Let $L$ be a Lie algebra and $\rho: L \to \mathfrak{gl}(V)$ a finite-dimensional representation of L. Define a symmetric bilinear form on $L$ by $$\langle x, y \rangle_{\rho} = tr (\rho(x) \rho(y))$$
Where $\text{ tr }$ denotes the trace of endomorphisms.
$(a)$ Prove that this form is invariant, i.e., we have $$\langle [x,y], z \rangle_{\rho} = \langle x,[y,z] \rangle_{\rho}$$
for all $x,y,z \in L.$
My thoughts:
I do not know how exactly to do this, specifically how to expand the trace. I know that the Lie bracket of a Lie Algebra satisfies antisymmetry and Jacobi identity but still how to use this to prove the required.

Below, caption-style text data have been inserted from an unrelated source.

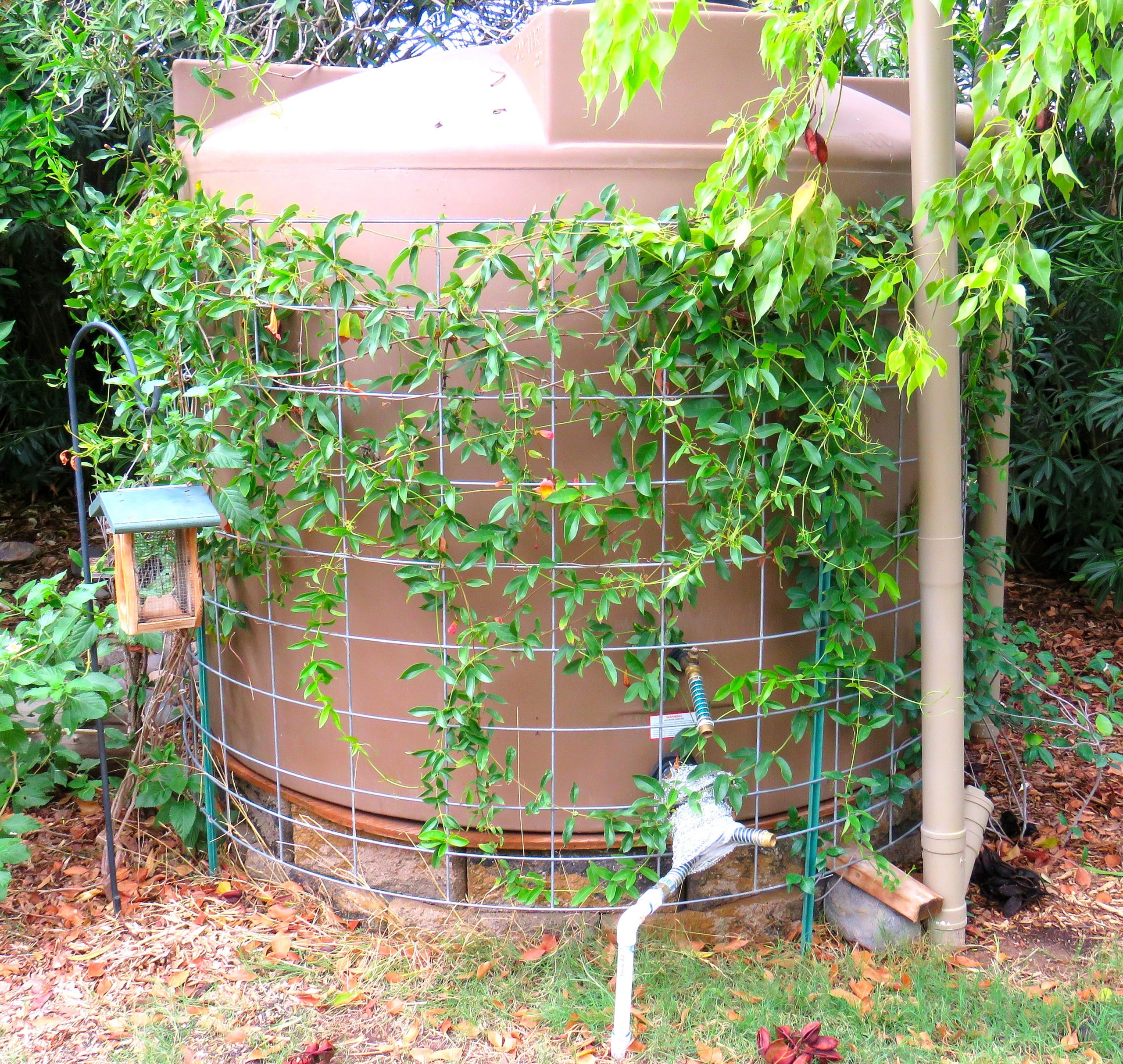 Cistern in yard with vines growing on it.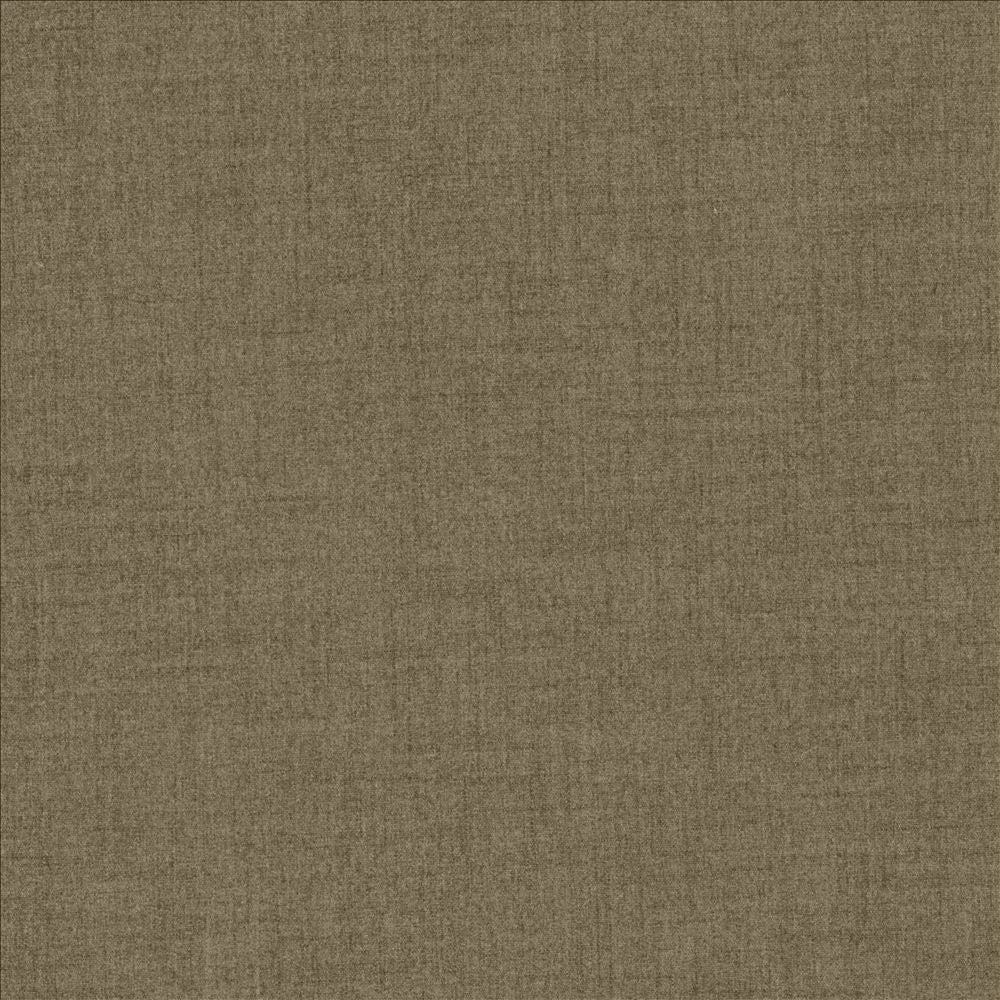 Refined Acorn by Kasmir Fabric 5159 100% Polyester TAIWAN 50,000 Wyzenbeek Double Rubs Horizontal: 0 Inches and Vertical: 0 Inches 54 - Fabric Carolina -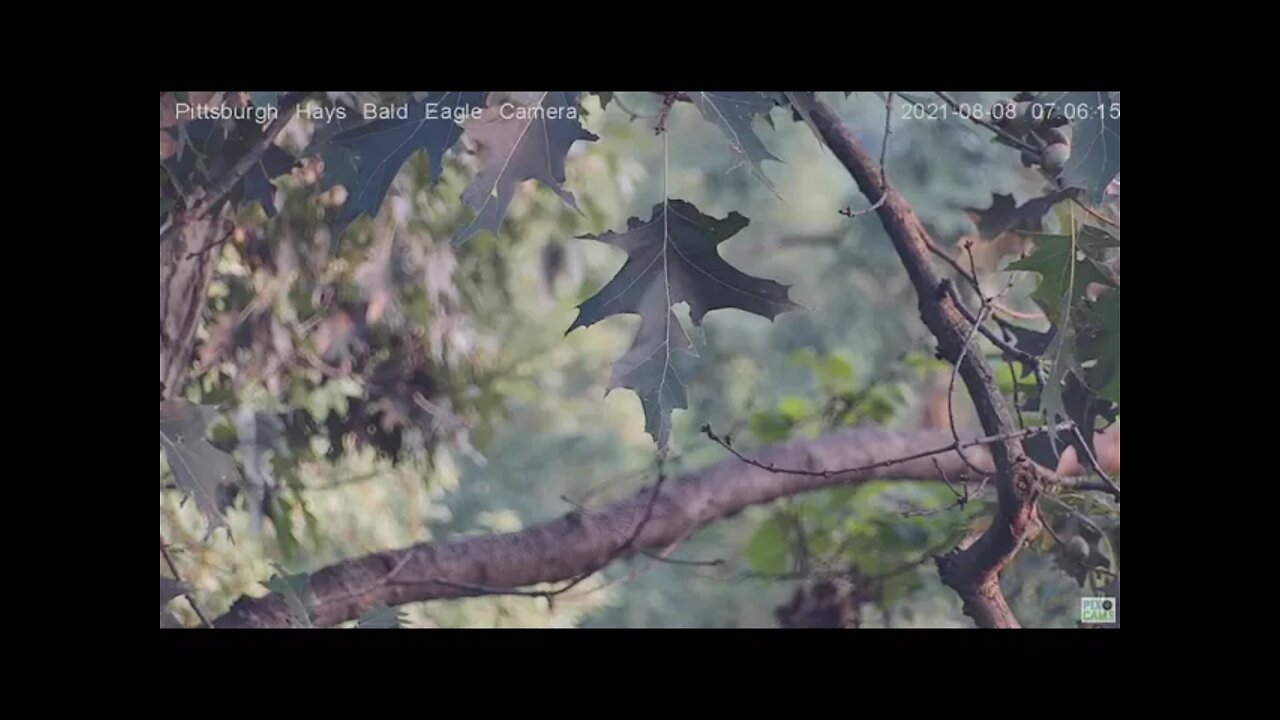 Hays Eagles nest Famous "Cowboy leaf" ! 2021 08 08 7:06AM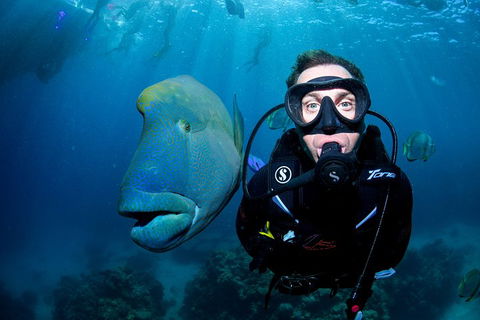 Full Day Reef Cruise Including 10 Minute Heli Scenic Flight: Get High Package - Accommodation Port Macquarie 1
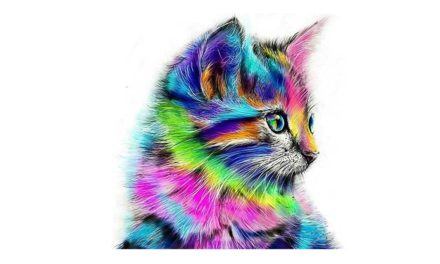 Week 11 – Colorful cat
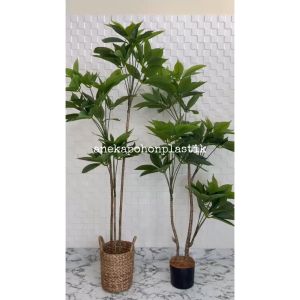 Pohon Artificial Pohon Imitasi Daun Manggis Variasi Tinggi 150 & 170 Cover Eceng Gondok Handle Hiasan Rumah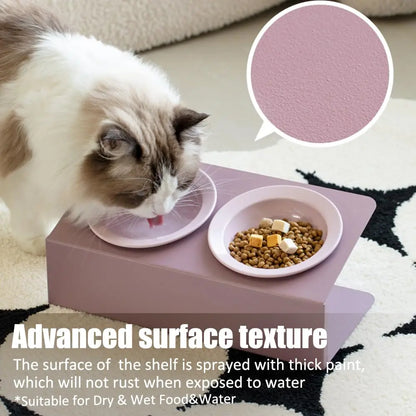 Personalized Elevated Cat Bowls 15° Tilted Raised Pet Dishes for Food and Water,Metal Body Stand Feeder with Laser Customization, 2 Ceramic Dish for Cats, Small Dogs AnNengJing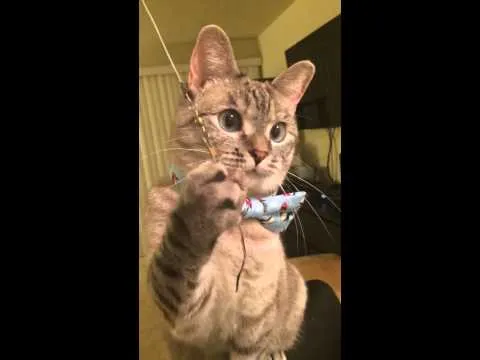 Нажми и смотри Нажми и смотри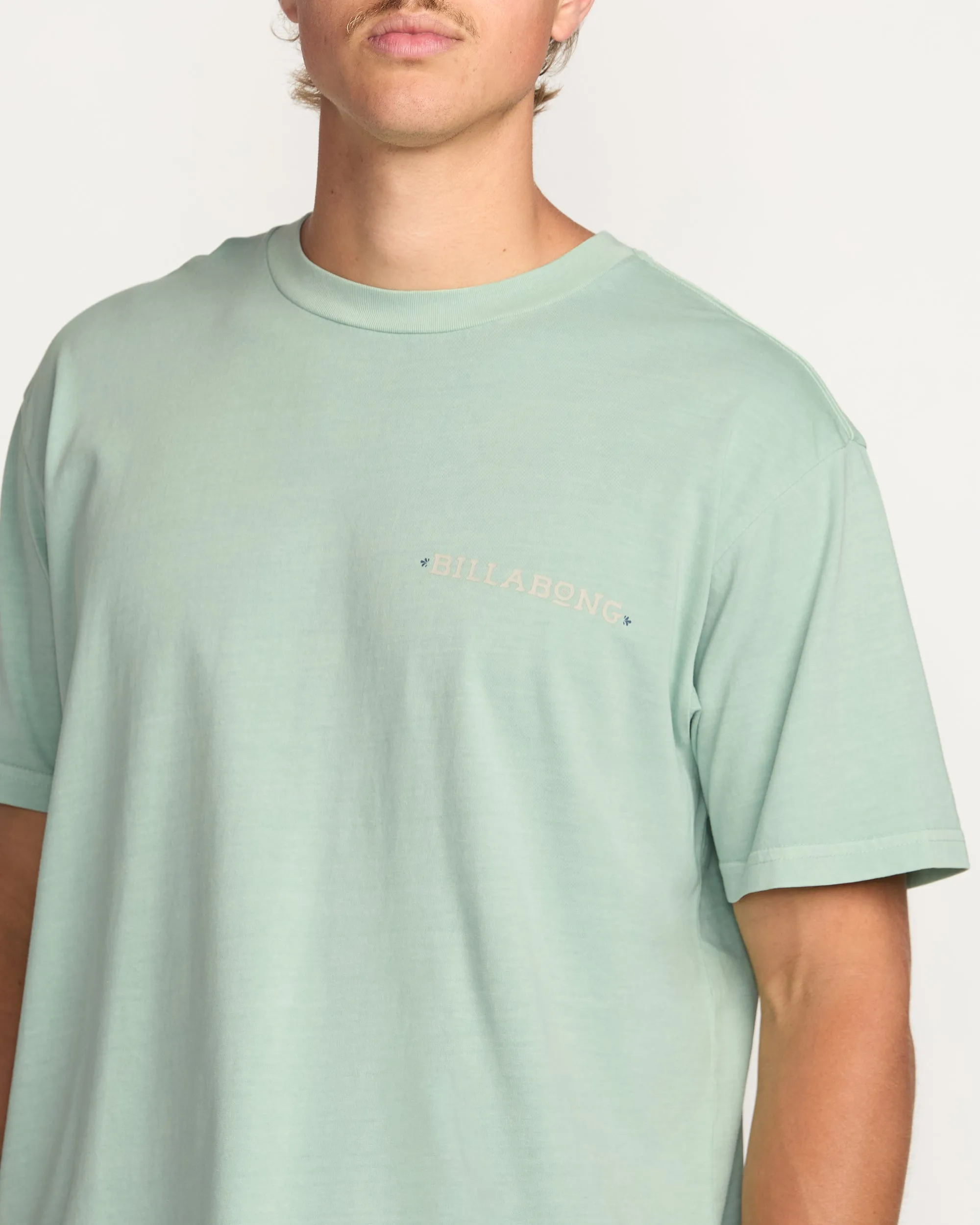 Paise Haze Premium Wave Wash Tee - Mist Green Billabong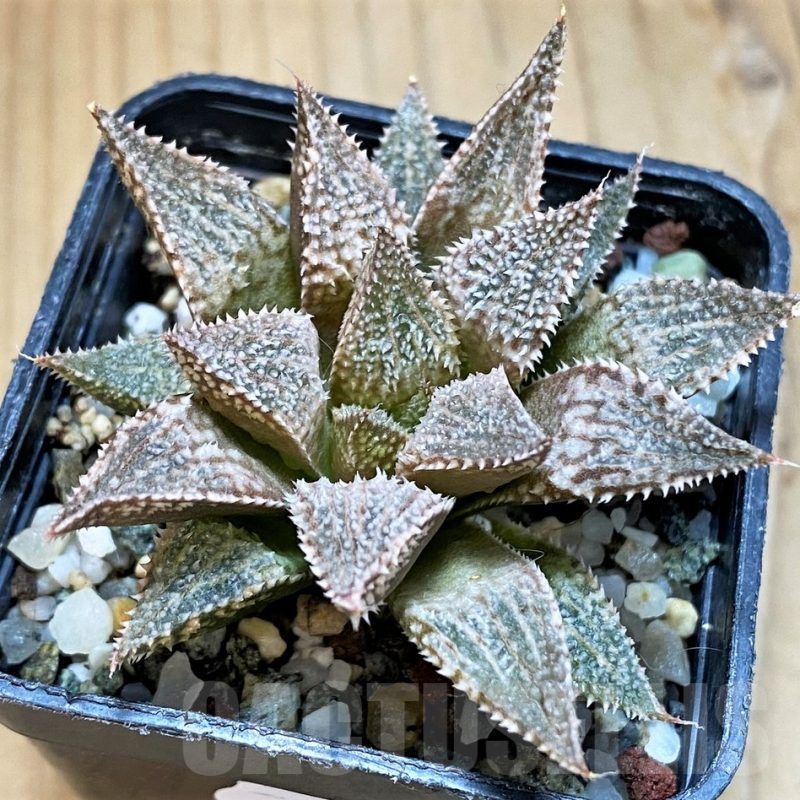SH15668 Haworthia 'Hakuma'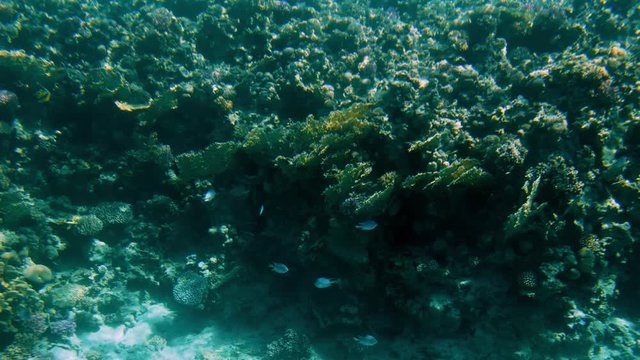 4k amazing under water footage of underwater life around coral rees. Beautiful seascape in the Red sea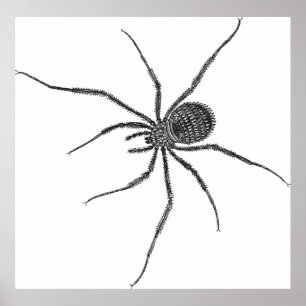 Langbeinige Spinne Poster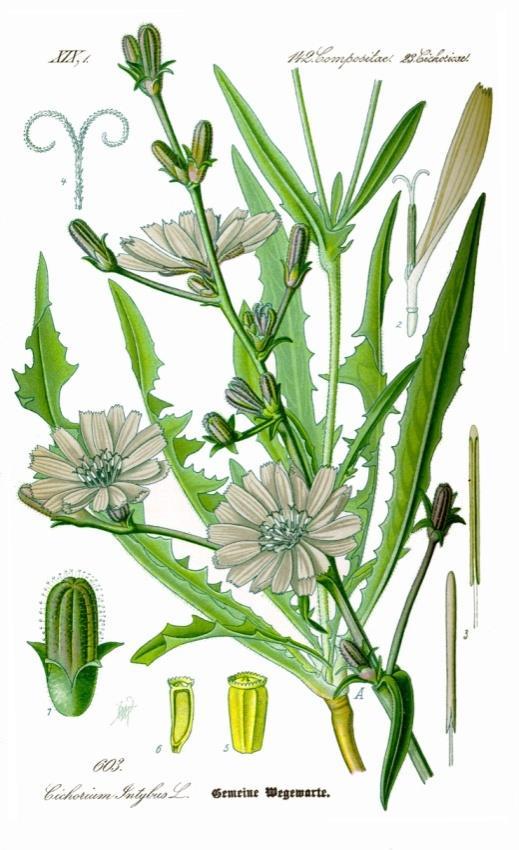 Συστηματική βοτανική των Λαχανικών Συστηματική ταξινόμηση με βάση το βρώσιμο τμήμα Φυλλώδη λαχανικά Αντίδι Συστηματική ταξινόμηση Βασίλειο: Φυτά Συνομοταξία: Αγγειόσπερμα (Magnoliophyta)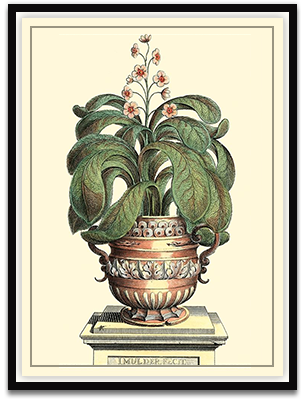 Antique Munting Aloe II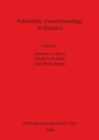 Paleolithic Zooarchaeology in Practice - Book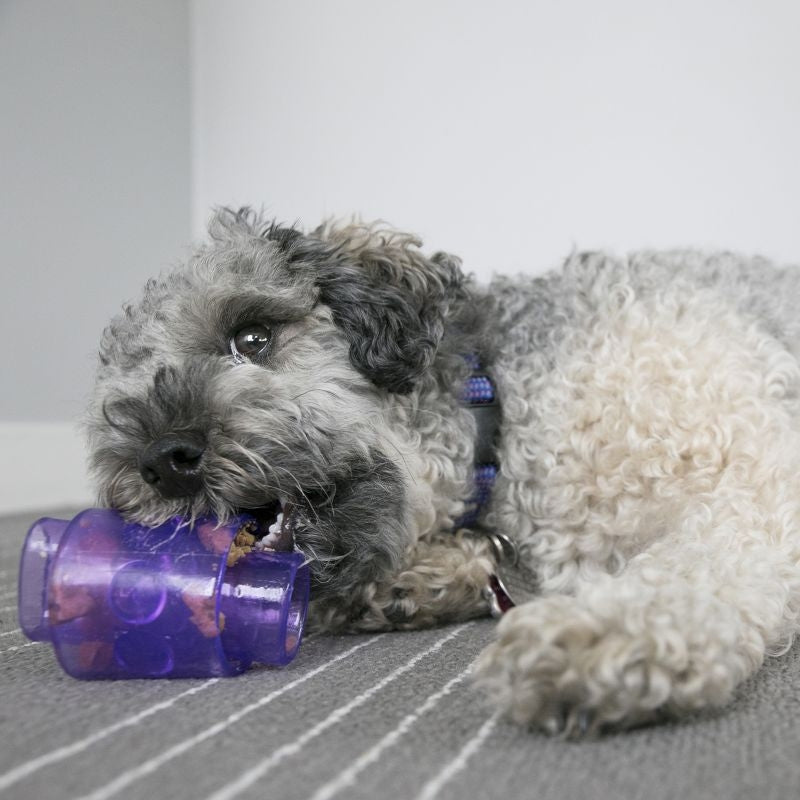 KONG Treat Duo for Dogs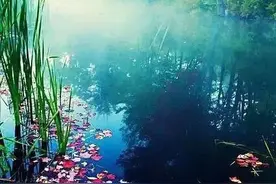 闲看花开，静待花落，冷暖自知，干净如始。 ​​​​图片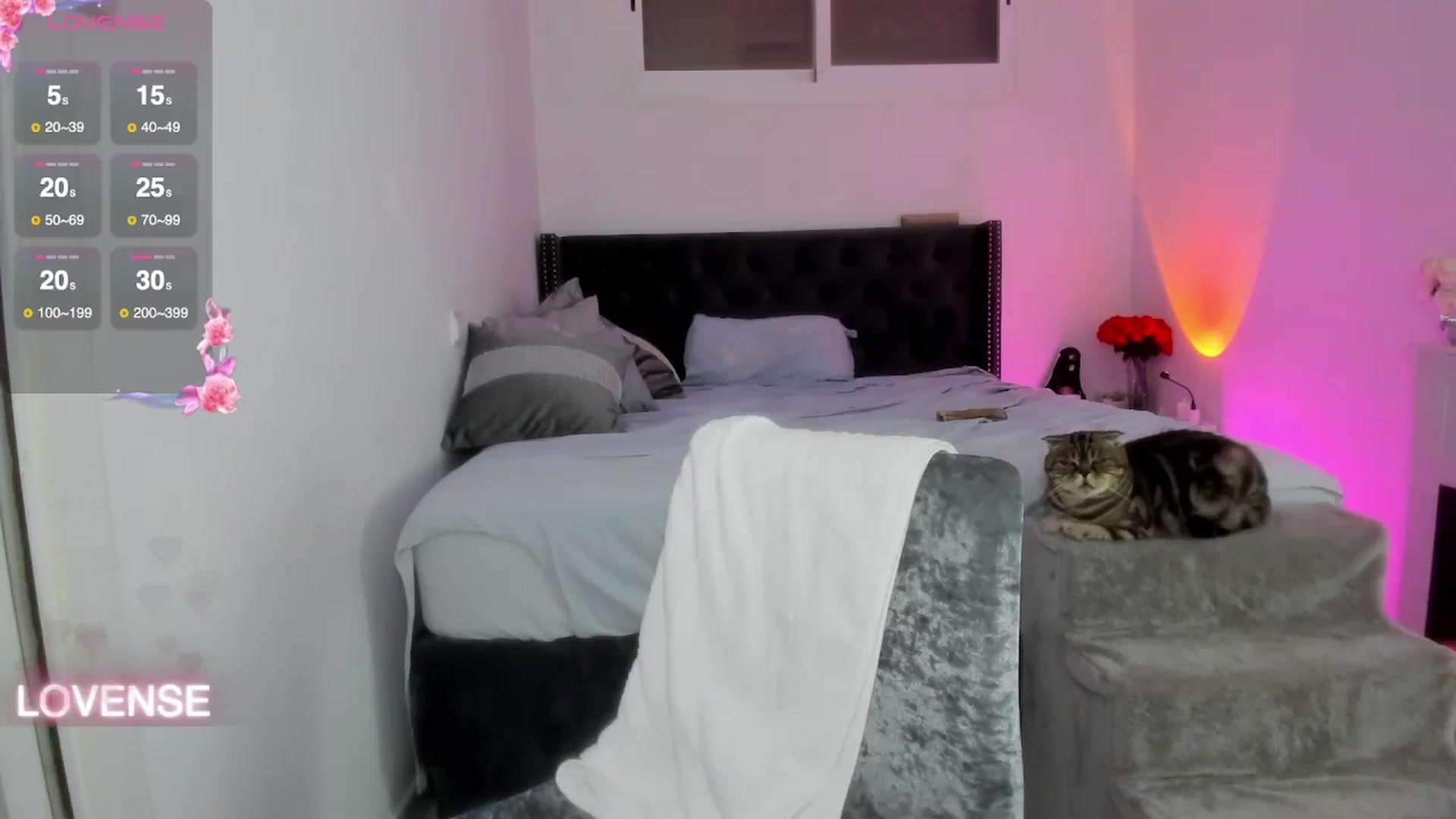 Gallery image thumbnail from AAA_Yas's myfreecams stream on, 11/06/2025, 22:43 image 19 of 20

Could anyone help me in this please?
Any trace form is invariant because of ${\rm tr}([A,B]C)={\rm tr}(A[B,C])$ for $A,B,C \in {\rm End}(V)$.
Indeed, using Jyrki's comment with ${\rm tr}(BAC)={\rm tr}(ACB) $ we have $$ {\rm tr}([A,B]C)={\rm tr}((AB-BA)C)={\rm tr}(ABC-BAC)={\rm tr}(ABC-ACB)={\rm tr}(A[B,C]). $$